===== RECORDS

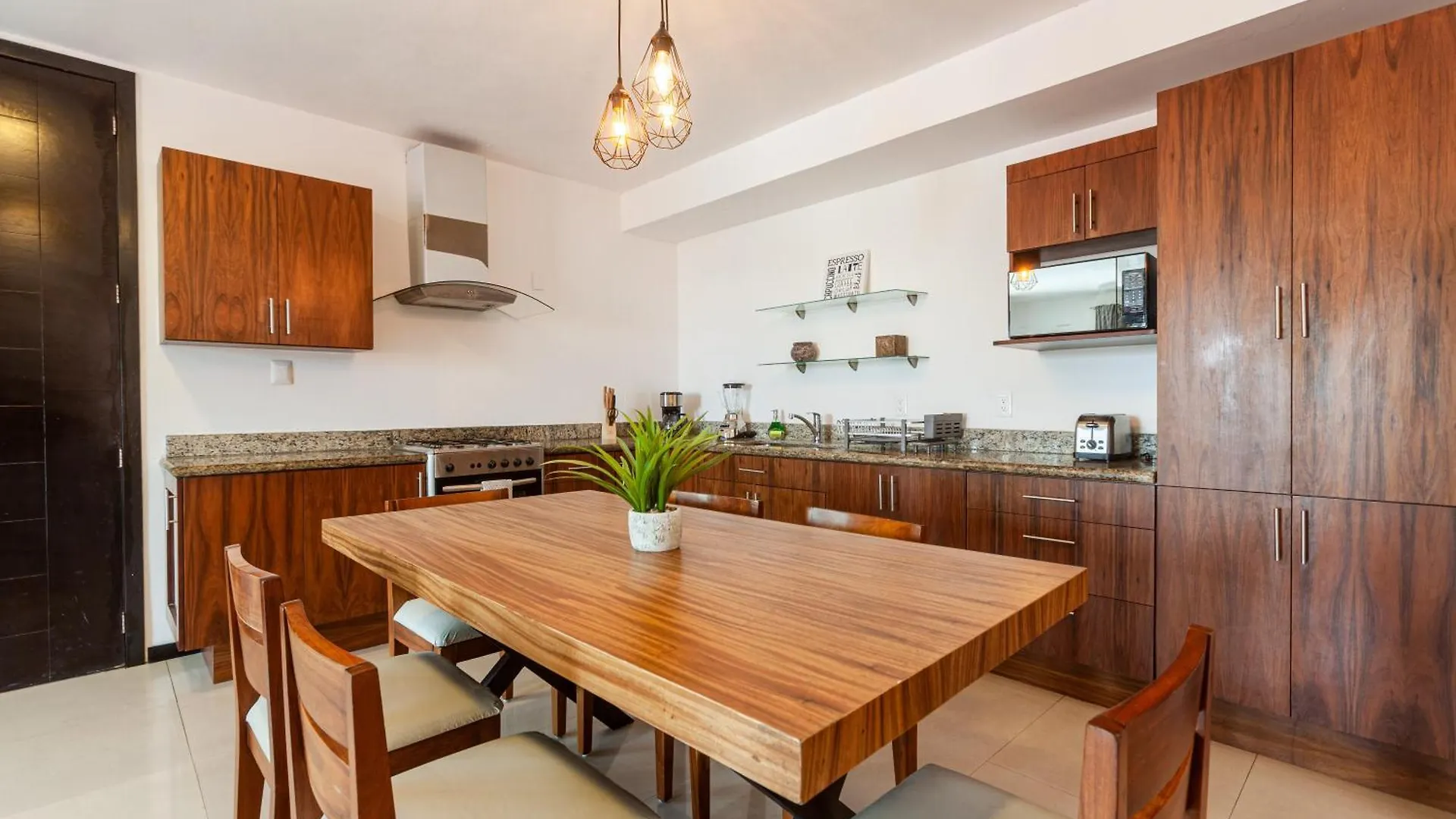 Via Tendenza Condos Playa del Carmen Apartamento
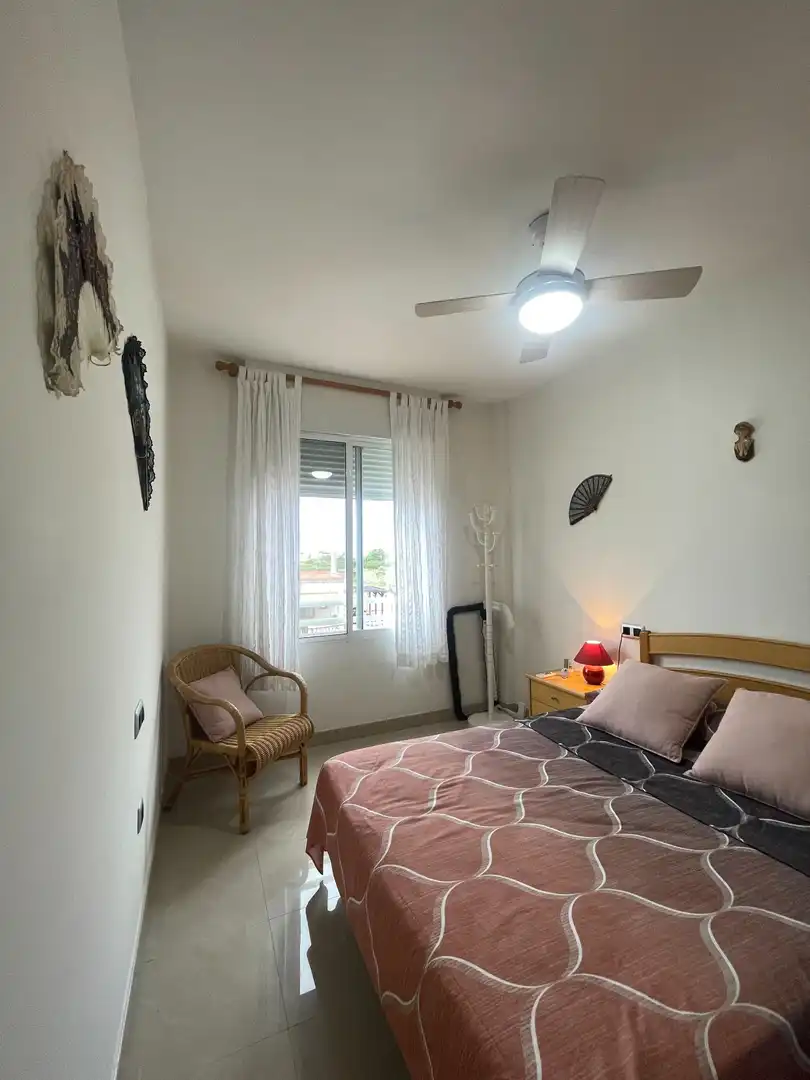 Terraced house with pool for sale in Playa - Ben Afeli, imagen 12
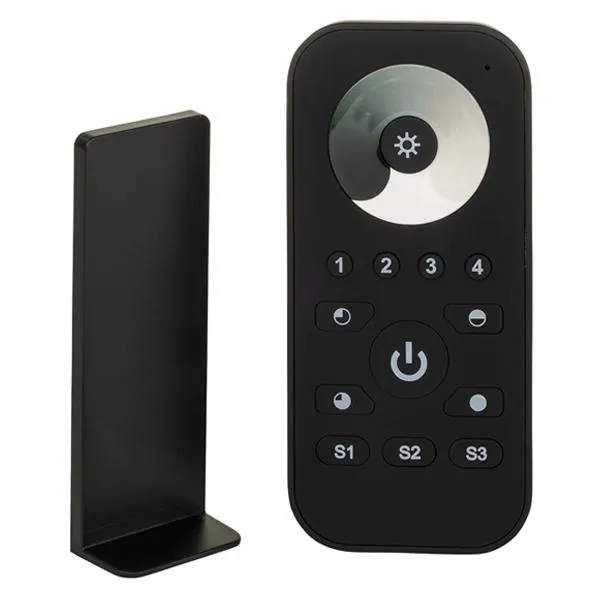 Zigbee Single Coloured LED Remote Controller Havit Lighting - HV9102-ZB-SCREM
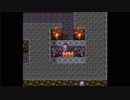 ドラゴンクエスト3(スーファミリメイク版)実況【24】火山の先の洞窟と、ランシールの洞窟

==========
===== RECORDS

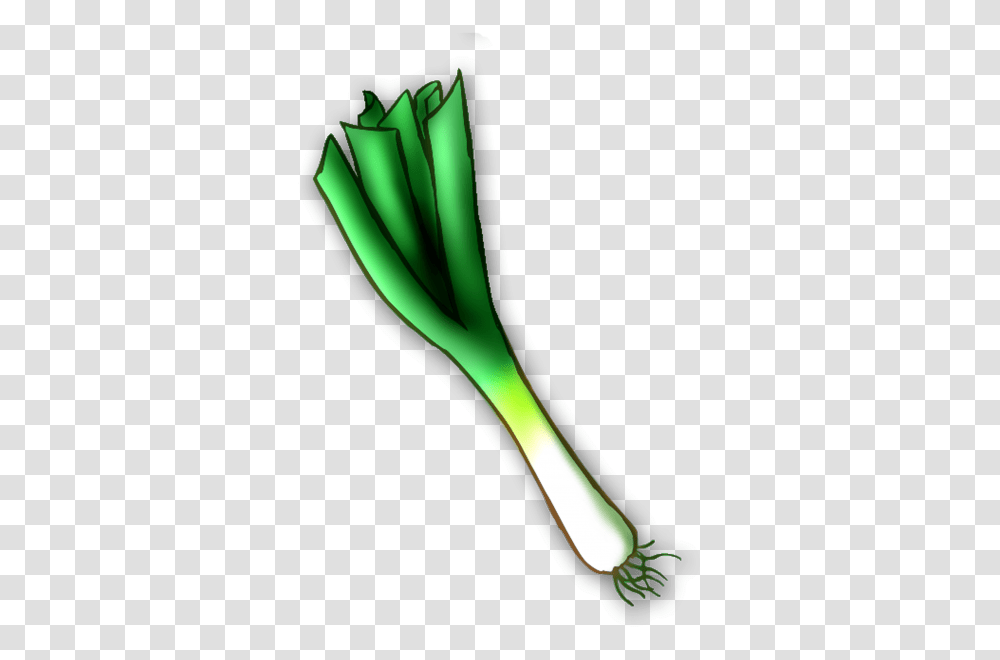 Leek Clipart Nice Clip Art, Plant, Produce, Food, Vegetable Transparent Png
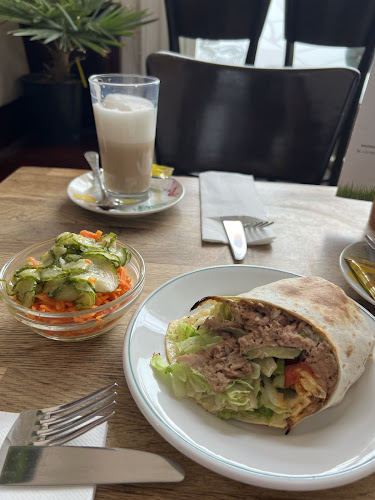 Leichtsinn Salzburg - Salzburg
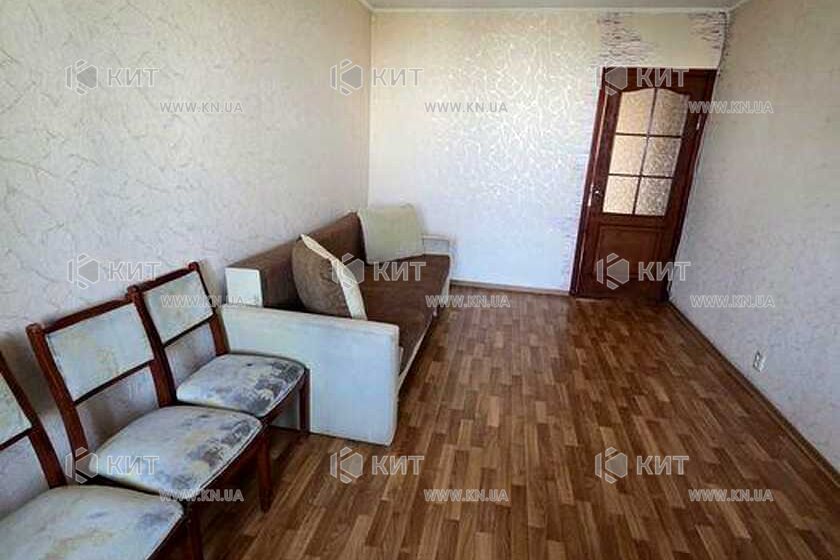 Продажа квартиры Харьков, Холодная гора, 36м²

==========

▸ PROBLEM TO SOLVE: Look above and copy only the lines from the one holding "Terraced house with" to the one holding "ドラゴンクエスト3(スーファ", both included, exactly, minus the pictures.

▸ THE COMPLETED TASK:
 Terraced house with pool for sale in Playa - Ben Afeli, imagen 12
 Zigbee Single Coloured LED Remote Controller Havit Lighting - HV9102-ZB-SCREM
 ドラゴンクエスト3(スーファミリメイク版)実況【24】火山の先の洞窟と、ランシールの洞窟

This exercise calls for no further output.